Please retype the listing below without a single change.

**Source material**
::::::::::

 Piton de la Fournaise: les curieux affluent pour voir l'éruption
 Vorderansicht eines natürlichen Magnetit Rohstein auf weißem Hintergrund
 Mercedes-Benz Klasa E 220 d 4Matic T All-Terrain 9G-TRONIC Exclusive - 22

::::::::::

**The answer**
 Piton de la Fournaise: les curieux affluent pour voir l'éruption
 Vorderansicht eines natürlichen Magnetit Rohstein auf weißem Hintergrund
 Mercedes-Benz Klasa E 220 d 4Matic T All-Terrain 9G-TRONIC Exclusive - 22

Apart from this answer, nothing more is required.